Critical cyber systems must inspire trust and confidence, protect the privacy and integrity of data resources, and perform reliably. Therefore, a more scientific basis for the design and analysis of trusted systems is needed. In this proposal, we aim to progress the Science of Security. The Science of Security entails the development of a body of knowledge containing laws, axioms and provable theories relating to some aspect of system security. Security science should give us an understanding of the limits of what is possible in some security domain, by providing objective and quantifiable descriptions of security properties and behaviors. The notions embodied in security science should have broad applicability - transcending specific systems, attacks, and defensive mechanisms. A major goal is the creation of a unified body of knowledge that can serve as the basis of a trust engineering discipline, curriculum, and rigorous design methodologies. As such, we provide eight hard problems in the science of security.
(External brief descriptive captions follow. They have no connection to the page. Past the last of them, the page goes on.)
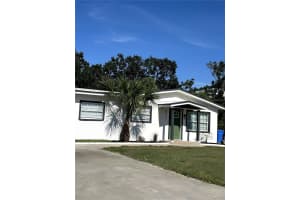 4511 HAMPSHIRE ROAD, TAMPA, FL 33634 Sold 09/03/25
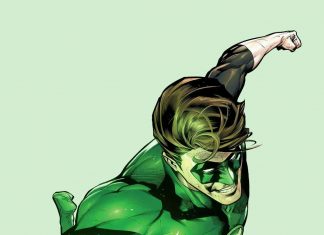 Heroes Comic Con reúne en Valencia a grandes firmas del tebeo internacional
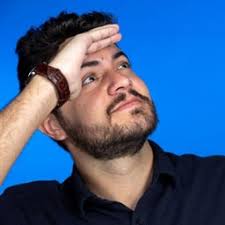 41 CSS Chat Box Templates To Use Now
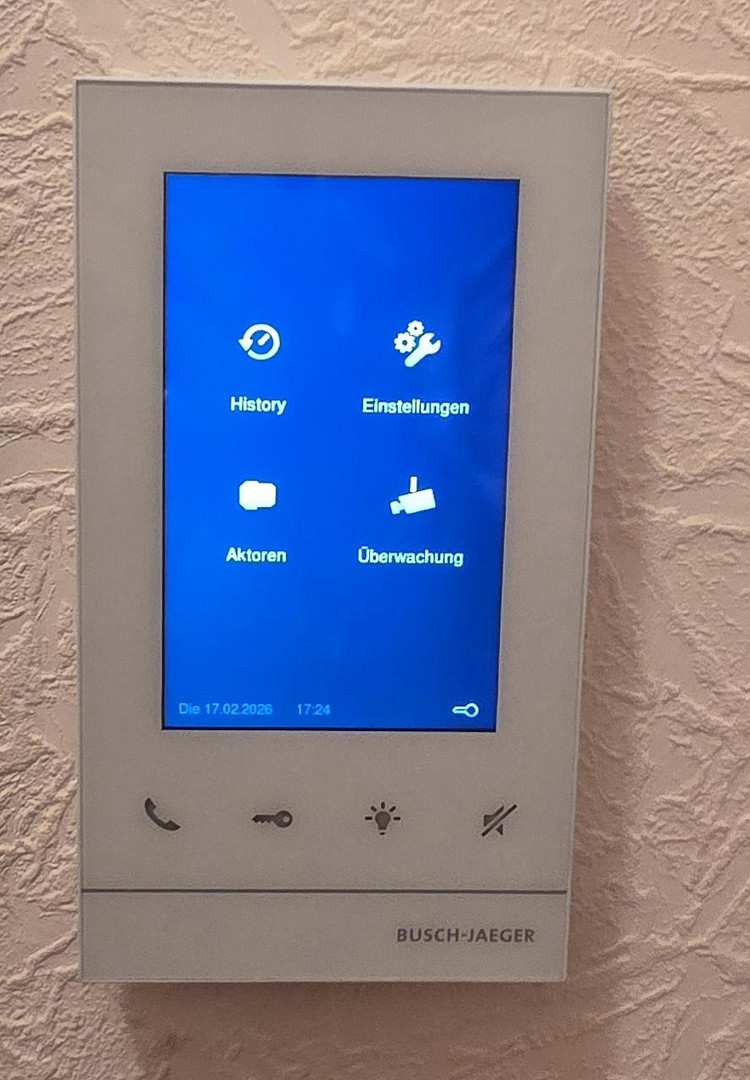 Sonnige 3-Zimmer-Wohnung in Bochum-Hofstede mit Balkon & Garage – provisionsfrei! – Riemker Str. 24, 44809 Bochum(Hofstede) – Vorschaubild 25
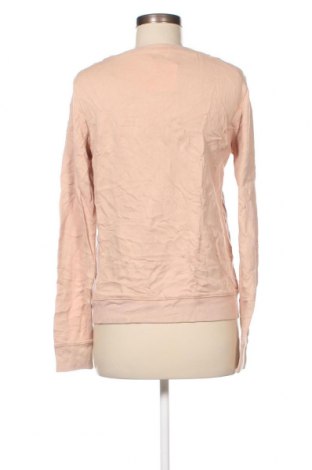 Γυναικεία μπλούζα Bel&Bo, Μέγεθος S, Χρώμα  Μπέζ, Τιμή 2,82 €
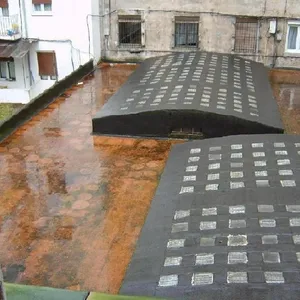 Квартира в Бильбао, фото 5
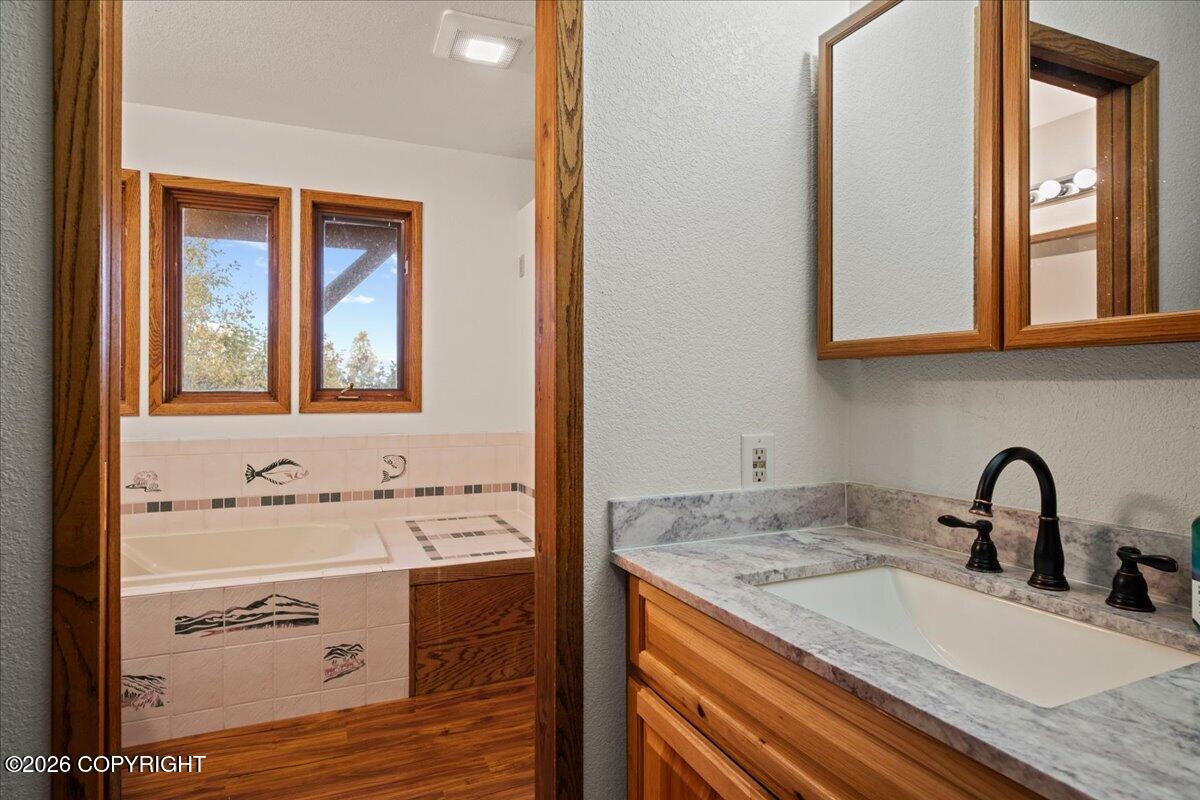 6132 Farpoint Drive Property Photo 19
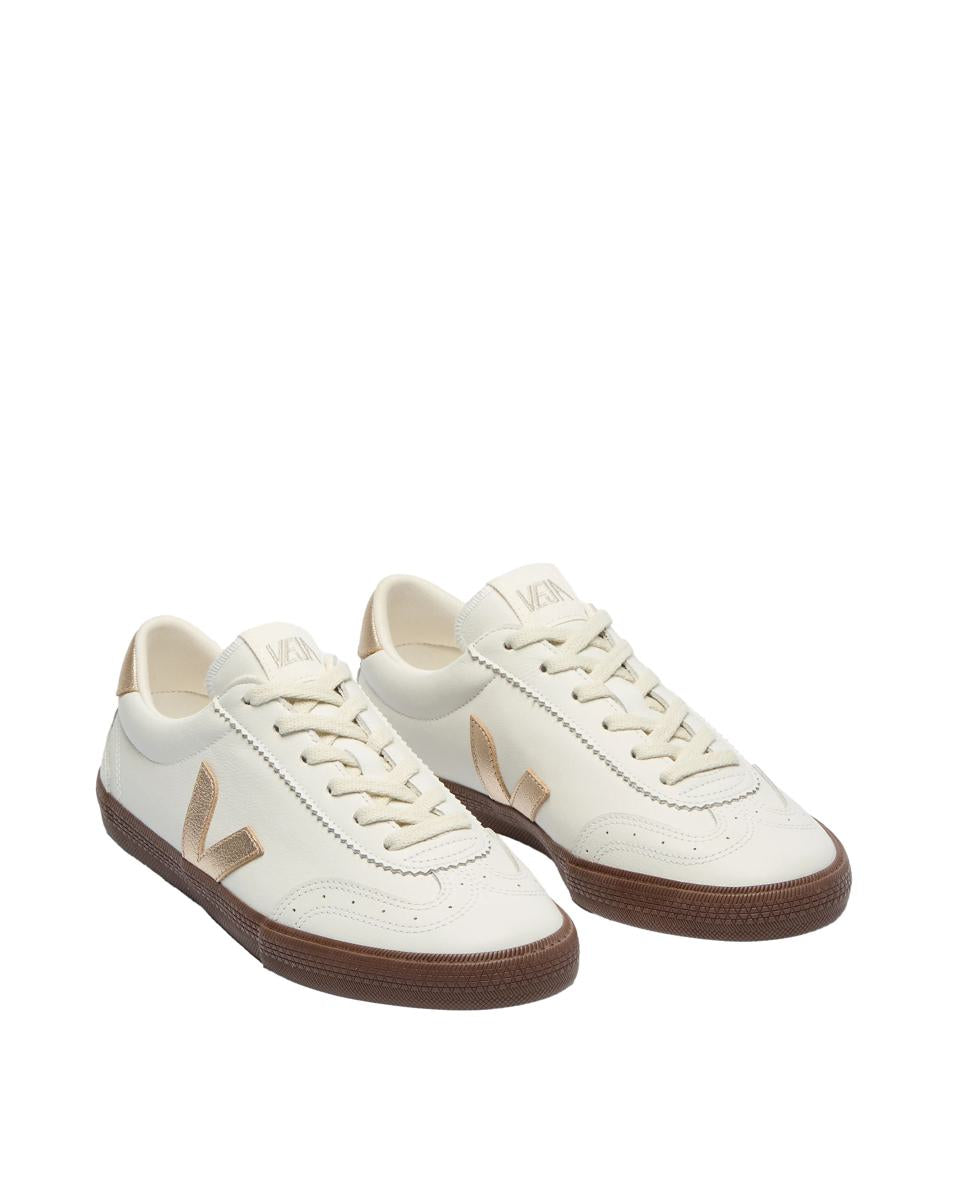 Veja Sneakers 2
We also present representative projects which we feel will make progress in the discipline of the science of security.

According to a 2010 report that was based on the interviews from 2,800 Information Technology professionals worldwide, the gap between hacker threats and suitable security defenses is widening, and the types and numbers of threats are changing faster than ever before . In 2010, Jim Gosler, a fellow at the Sandia National Laboratory who works on countering attacks on U.S. networks, claimed that there are approximately 1,000 people in the country with the skills needed for cyber defense. Gosler went on to say that 20 to 30 times that many are needed. Additionally, the Chief Executive Officer (CEO) of the Mykonos Software security firm indicated that today's graduates in software engineering are unprepared to enter the workforce because they lack a solid understanding of how to make their applications secure. Particularly due to this shortage of security expertise, education of students and professionals already in the workforce is paramount. In this grant we provide a plan for motivating and providing software security education to students and professionals.